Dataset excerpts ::
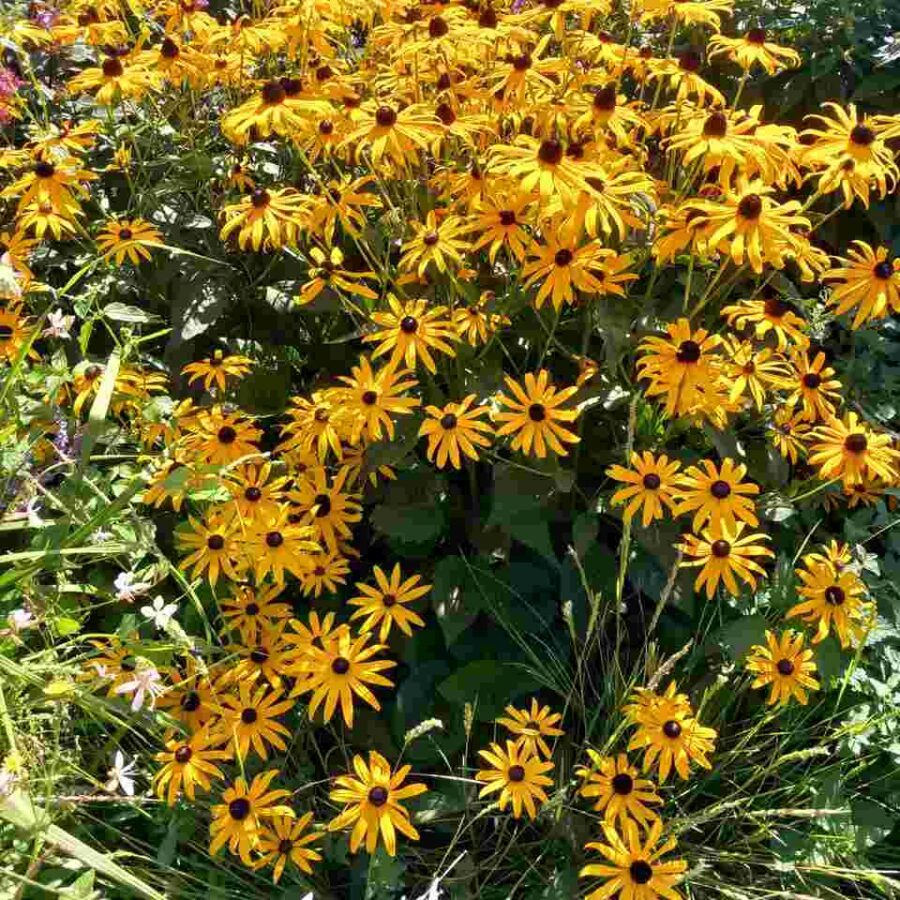 rudbekia goldstrum easy resize.com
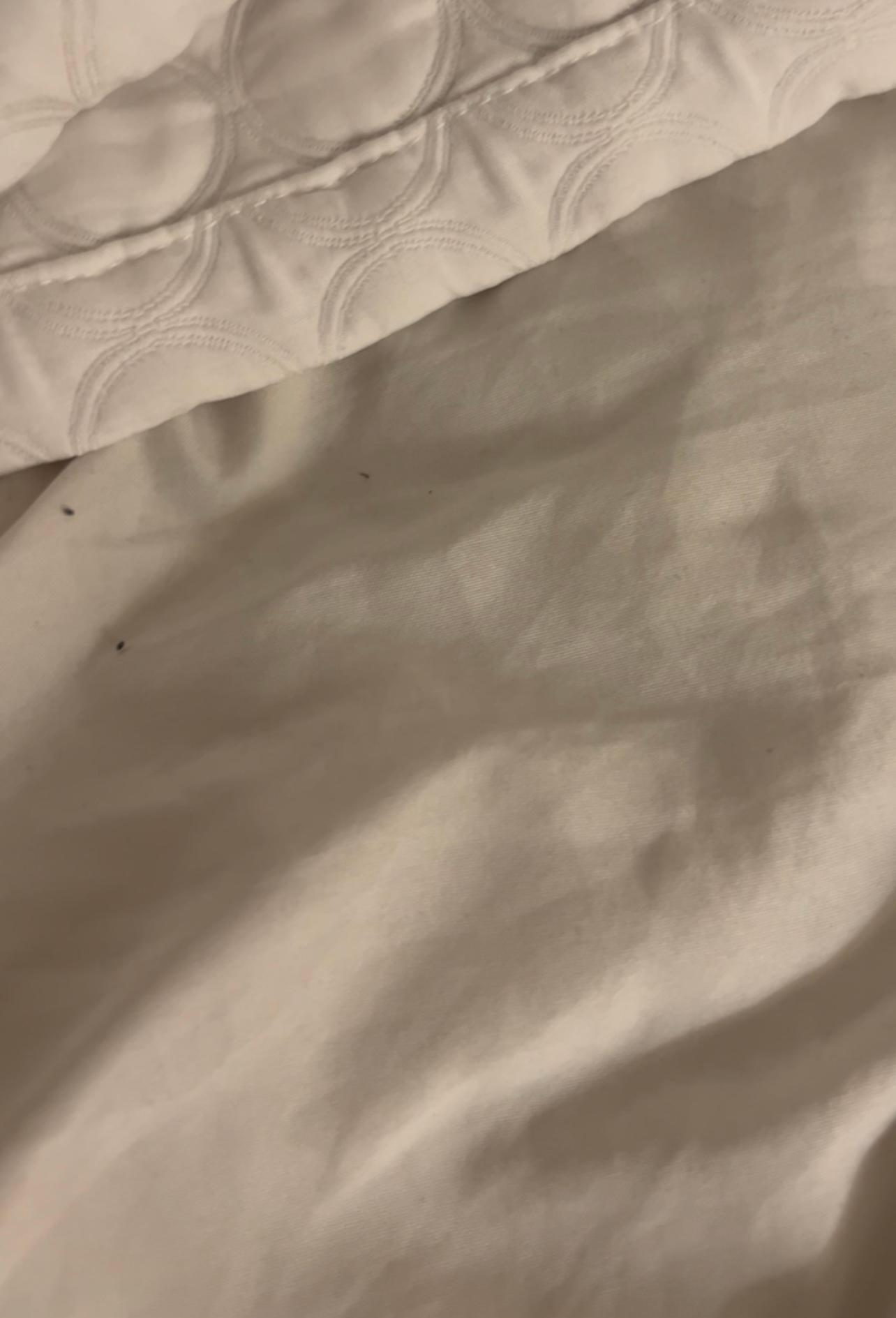 More ants near the blankets.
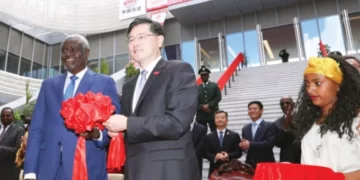 China’s investments help improve Africa’s public healthcare system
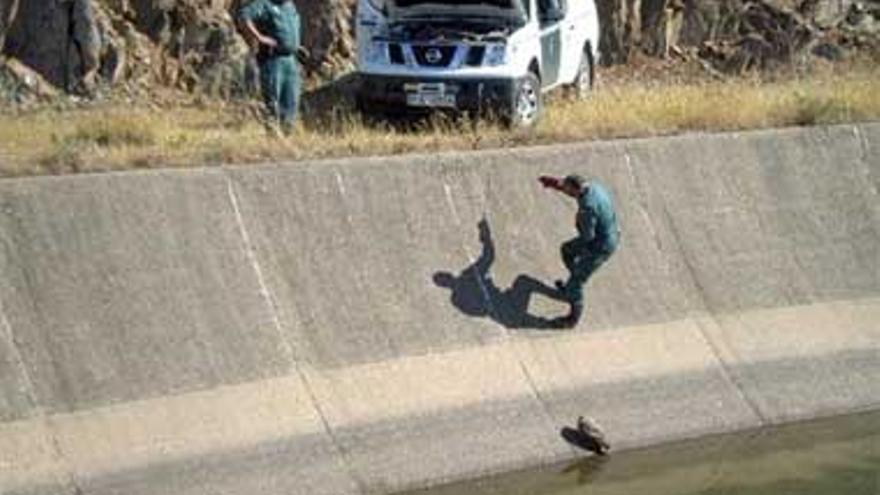 El Seprona rescata un búho real herido en Herrera del Duque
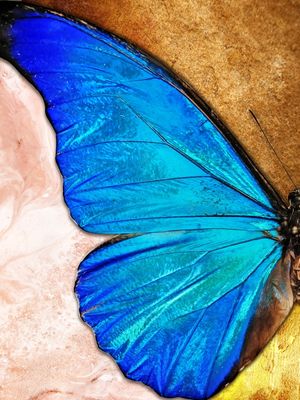 BORBOLETA - 01B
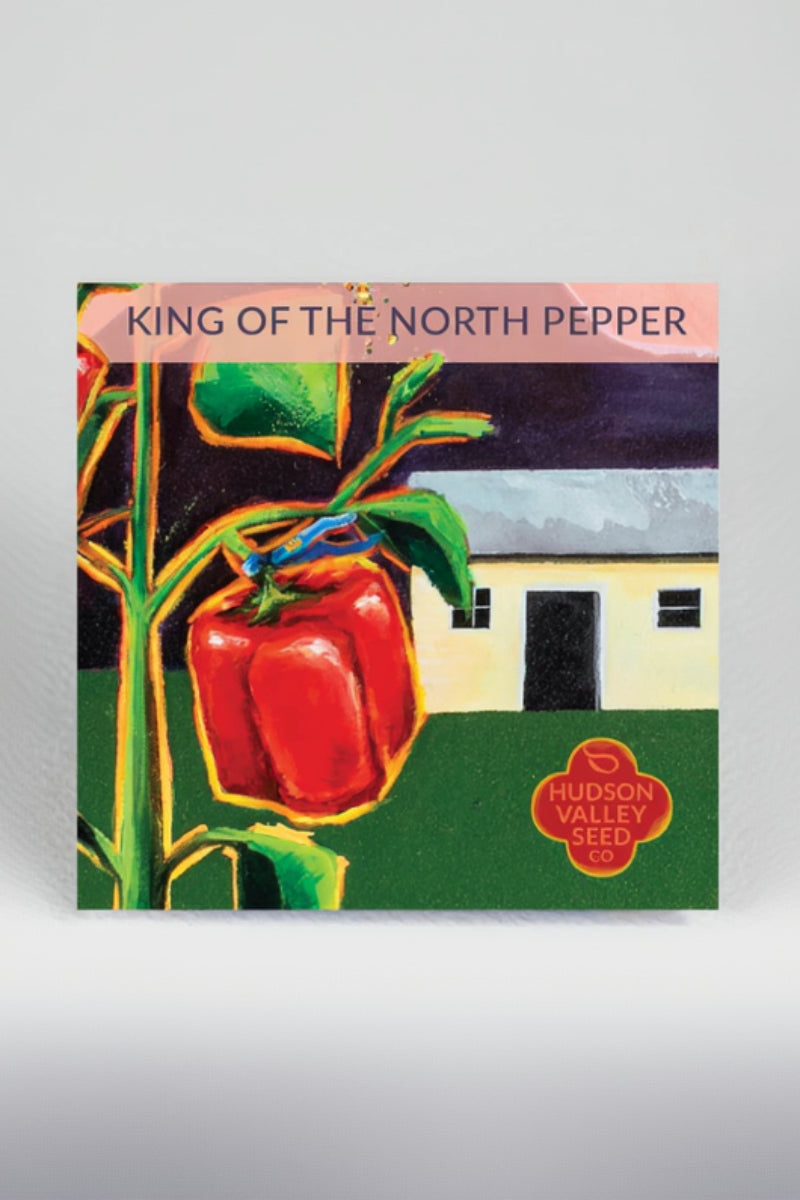 Hudson Valley Seed Co. King Of The North Pepper Seeds - Thumbnail 2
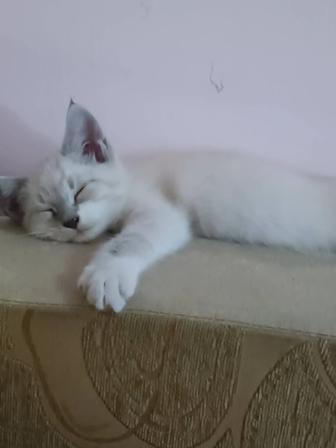 Отдам котенка в добрые руки.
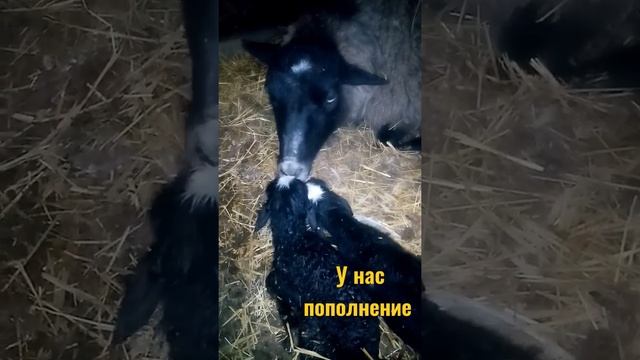 Ягнята романовской породы смотреть онлайн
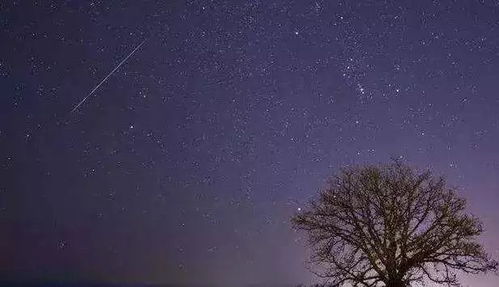 我等到双子座流星雨啦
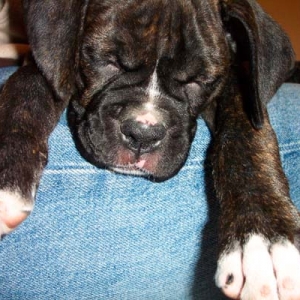 Snoozing on Mommy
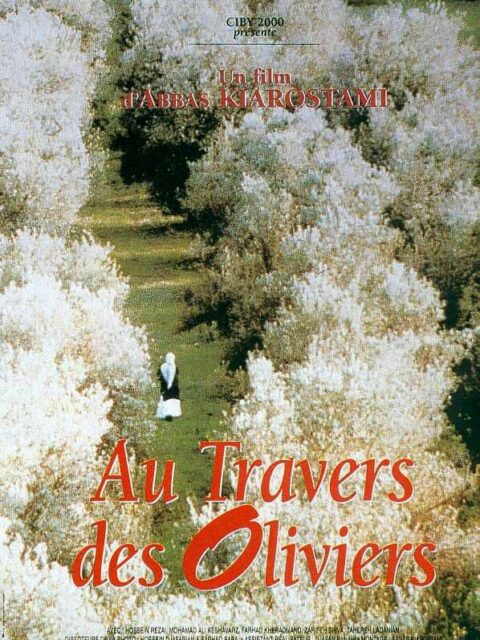 Au travers des oliviers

Instructions for the task :: All of the entries above need to be repeated exactly, minus the pictures.

Answer to the exercise ::
 rudbekia goldstrum easy resize.com
 More ants near the blankets.
 China’s investments help improve Africa’s public healthcare system
 El Seprona rescata un búho real herido en Herrera del Duque
 BORBOLETA - 01B
 Hudson Valley Seed Co. King Of The North Pepper Seeds - Thumbnail 2
 Отдам котенка в добрые руки.
 Ягнята романовской породы смотреть онлайн
 我等到双子座流星雨啦
 Snoozing on Mommy
 Au travers des oliviers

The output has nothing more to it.